L'Organisation mondiale de la santé (OMS) a confirmé un cas de hantavirus à bord, avec cinq autres cas suspects. Selon l'agence, « des investigations approfondies sont en cours », incluant des analyses virologiques et des enquêtes épidémiologiques. L'OMS alerte sur le fait que, bien que ce virus soit rare, il peut se transmettre entre humains et entraîner des complications respiratoires sévères, nécessitant des soins médicaux intensifs.
« Le séquençage du virus est également en cours », précise l'OMS. Mais qu'est-ce que le hantavirus ?
Origine et transmission du hantavirus
Les hantavirus, identifiés pour la première fois à la fin des années 1940 lors de la guerre de Corée, sont des virus distincts selon leur répartition géographique et les symptômes qu'ils provoquent. Comme l'explique l'Office fédéral de la santé publique suisse, un type de hantavirus, bien que rare, a la capacité de se transmettre d'une personne à l'autre.
Ces virus se propagent principalement par des rongeurs infectés comme les rats et les souris. Le virus peut être ingéré par contact avec la salive, l'urine ou les excréments des rongeurs, ou par inhalation des particules contaminées, comme l'a souligné l'Agence de santé publique de France. Les risques de contamination sont accrus lors d'activités à proximité d'espaces naturels ou de logements longtemps inoccupés.

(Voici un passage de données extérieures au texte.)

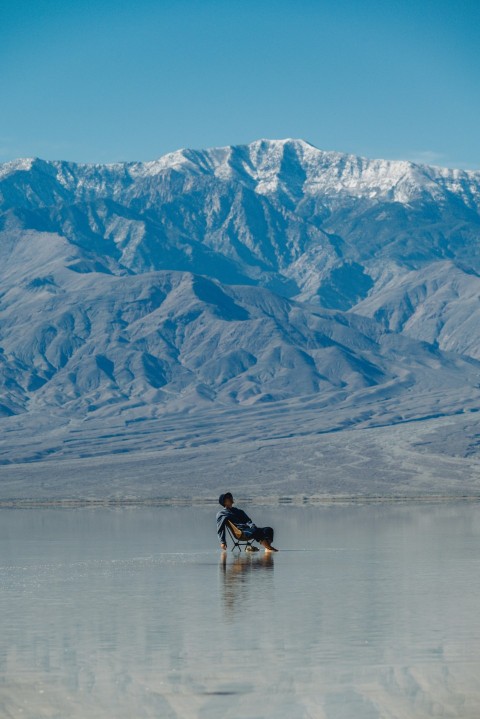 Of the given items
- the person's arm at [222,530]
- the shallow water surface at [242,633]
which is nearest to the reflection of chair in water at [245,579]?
the shallow water surface at [242,633]

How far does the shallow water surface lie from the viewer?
16875 mm

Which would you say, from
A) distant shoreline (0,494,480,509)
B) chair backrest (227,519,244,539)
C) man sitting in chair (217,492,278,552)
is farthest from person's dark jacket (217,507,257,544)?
distant shoreline (0,494,480,509)

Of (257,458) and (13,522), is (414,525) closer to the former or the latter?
(13,522)

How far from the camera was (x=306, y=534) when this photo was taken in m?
50.5

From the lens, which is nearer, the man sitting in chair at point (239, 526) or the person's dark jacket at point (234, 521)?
the man sitting in chair at point (239, 526)

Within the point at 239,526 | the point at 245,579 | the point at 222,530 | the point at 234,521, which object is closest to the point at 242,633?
the point at 245,579

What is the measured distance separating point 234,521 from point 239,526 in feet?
1.27

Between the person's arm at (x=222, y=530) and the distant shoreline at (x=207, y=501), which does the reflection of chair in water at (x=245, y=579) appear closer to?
the person's arm at (x=222, y=530)

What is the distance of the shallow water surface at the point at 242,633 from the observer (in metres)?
16.9

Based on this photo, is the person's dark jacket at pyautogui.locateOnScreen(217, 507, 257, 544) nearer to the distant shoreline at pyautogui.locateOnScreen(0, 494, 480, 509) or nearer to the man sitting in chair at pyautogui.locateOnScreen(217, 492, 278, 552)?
the man sitting in chair at pyautogui.locateOnScreen(217, 492, 278, 552)

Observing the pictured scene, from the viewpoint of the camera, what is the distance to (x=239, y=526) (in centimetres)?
3847

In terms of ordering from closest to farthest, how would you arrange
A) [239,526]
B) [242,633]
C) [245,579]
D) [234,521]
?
[242,633]
[245,579]
[234,521]
[239,526]

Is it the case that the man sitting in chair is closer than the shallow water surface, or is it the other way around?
the shallow water surface

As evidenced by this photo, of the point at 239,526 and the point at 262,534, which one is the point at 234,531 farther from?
the point at 262,534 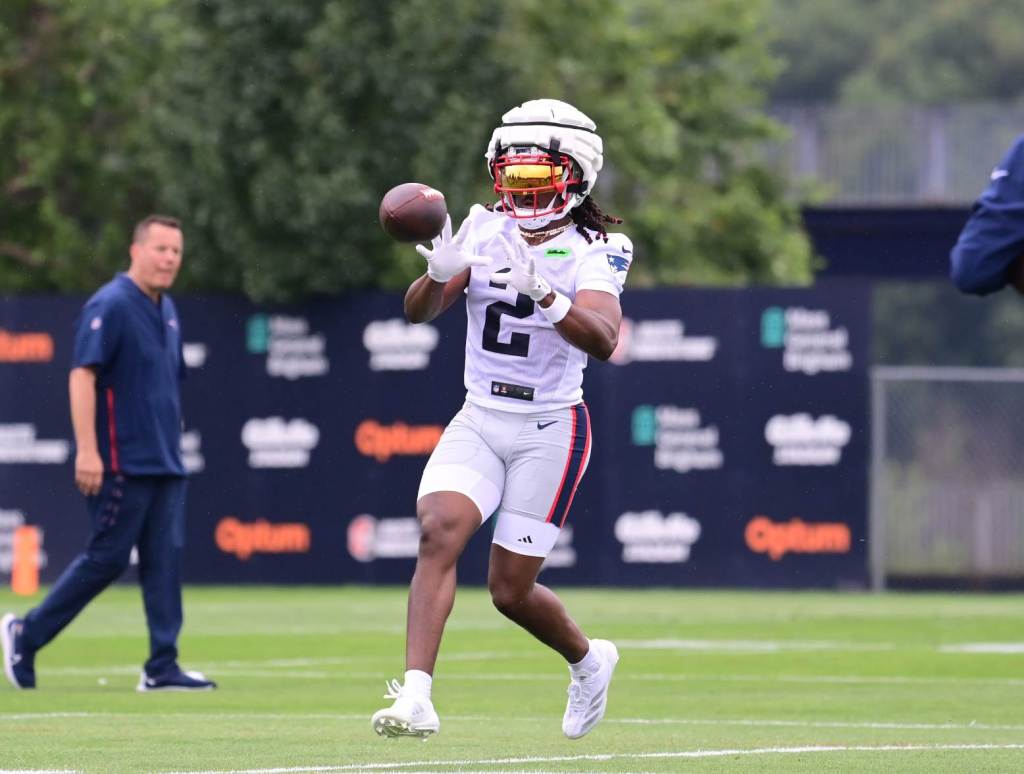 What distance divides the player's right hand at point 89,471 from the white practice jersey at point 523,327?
136 inches

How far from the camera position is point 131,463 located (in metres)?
11.9

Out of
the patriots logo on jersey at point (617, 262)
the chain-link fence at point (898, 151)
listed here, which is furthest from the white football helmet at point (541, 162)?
the chain-link fence at point (898, 151)

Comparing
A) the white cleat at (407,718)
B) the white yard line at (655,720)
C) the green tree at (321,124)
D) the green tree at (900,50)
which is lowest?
the white yard line at (655,720)

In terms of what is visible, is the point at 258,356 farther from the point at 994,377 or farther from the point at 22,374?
the point at 994,377

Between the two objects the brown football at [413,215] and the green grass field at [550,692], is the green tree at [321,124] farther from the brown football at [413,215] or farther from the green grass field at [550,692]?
the brown football at [413,215]

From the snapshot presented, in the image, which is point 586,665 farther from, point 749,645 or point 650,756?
point 749,645

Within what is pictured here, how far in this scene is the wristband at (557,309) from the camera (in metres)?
8.28

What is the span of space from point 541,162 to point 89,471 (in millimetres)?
3893

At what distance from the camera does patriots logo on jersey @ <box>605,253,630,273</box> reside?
8.82 metres

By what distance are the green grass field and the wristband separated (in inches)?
62.9

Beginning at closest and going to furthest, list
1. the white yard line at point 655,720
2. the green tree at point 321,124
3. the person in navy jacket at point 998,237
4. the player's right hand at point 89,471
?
the person in navy jacket at point 998,237 → the white yard line at point 655,720 → the player's right hand at point 89,471 → the green tree at point 321,124

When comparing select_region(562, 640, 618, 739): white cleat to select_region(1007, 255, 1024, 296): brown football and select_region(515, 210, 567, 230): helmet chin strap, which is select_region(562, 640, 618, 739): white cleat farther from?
select_region(1007, 255, 1024, 296): brown football

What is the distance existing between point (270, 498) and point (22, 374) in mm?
2641

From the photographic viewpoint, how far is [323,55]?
22062 millimetres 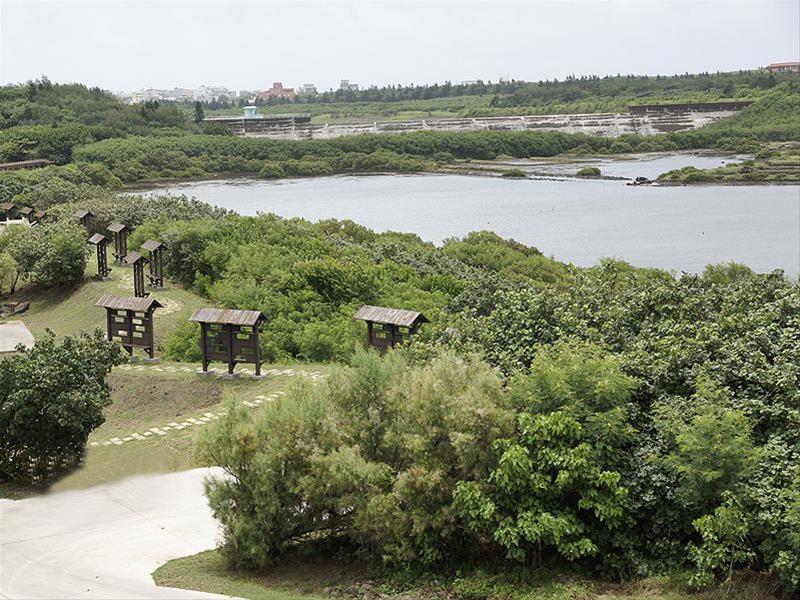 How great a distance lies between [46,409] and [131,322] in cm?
747

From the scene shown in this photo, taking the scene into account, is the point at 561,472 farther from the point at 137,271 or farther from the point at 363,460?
the point at 137,271

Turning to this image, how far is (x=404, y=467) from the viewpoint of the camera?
42.3 ft

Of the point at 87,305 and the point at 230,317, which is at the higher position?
the point at 230,317

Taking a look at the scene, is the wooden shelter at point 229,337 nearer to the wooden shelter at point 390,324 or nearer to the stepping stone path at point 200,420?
the stepping stone path at point 200,420

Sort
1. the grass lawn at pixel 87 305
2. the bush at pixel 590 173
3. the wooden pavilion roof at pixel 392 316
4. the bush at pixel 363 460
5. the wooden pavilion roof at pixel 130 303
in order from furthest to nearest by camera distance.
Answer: the bush at pixel 590 173 < the grass lawn at pixel 87 305 < the wooden pavilion roof at pixel 130 303 < the wooden pavilion roof at pixel 392 316 < the bush at pixel 363 460

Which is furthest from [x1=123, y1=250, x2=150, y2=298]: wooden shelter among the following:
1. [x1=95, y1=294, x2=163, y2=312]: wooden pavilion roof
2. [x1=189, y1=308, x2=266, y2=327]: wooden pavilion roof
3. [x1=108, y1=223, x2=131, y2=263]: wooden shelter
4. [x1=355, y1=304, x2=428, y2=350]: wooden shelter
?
[x1=355, y1=304, x2=428, y2=350]: wooden shelter

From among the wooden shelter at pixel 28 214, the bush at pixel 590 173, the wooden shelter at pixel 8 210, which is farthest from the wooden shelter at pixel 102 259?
the bush at pixel 590 173

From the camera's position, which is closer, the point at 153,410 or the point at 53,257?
the point at 153,410

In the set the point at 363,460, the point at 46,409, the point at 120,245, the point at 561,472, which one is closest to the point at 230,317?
the point at 46,409

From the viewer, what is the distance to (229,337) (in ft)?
68.7

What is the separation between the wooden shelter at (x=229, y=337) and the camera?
2067 centimetres

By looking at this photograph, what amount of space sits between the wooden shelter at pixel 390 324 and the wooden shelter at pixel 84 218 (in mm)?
21101

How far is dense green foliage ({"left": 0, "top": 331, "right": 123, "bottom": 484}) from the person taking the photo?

Les symptômes et impacts du hantavirus
Les symptômes d'une infection peuvent varier, allant d'une simple grippe à des formes potentiellement mortelles. Les signes initiaux incluent généralement fièvre, maux de tête, et douleurs musculaires. En Europe et en Asie, certaines formes de hantavirus peuvent entraîner des dysfonctionnements rénaux, avec un taux de létalité qui peut atteindre 15%, selon l'OFSP. En Amérique, les complications telles que l'œdème pulmonaire et le syndrome de détresse respiratoire aiguë sont préoccupantes.
Une menace actuelle
Chaque année, environ 200 cas de syndrome pulmonaire à hantavirus sont déclarés, principalement aux États-Unis. Les Centres de contrôle et de prévention des maladies (CDC) estiment qu'environ 38% des personnes atteintes de symptômes respiratoires graves peuvent en mourir. À l'heure actuelle, aucun vaccin ni traitement spécifique n'existe pour lutter contre cette infection virale; le traitement se concentre exclusivement sur le soulagement des symptômes. Alors que l'OMS continue son enquête, la communauté médicale reste vigilante face à cette menace virale toujours inscrite dans l'actualité.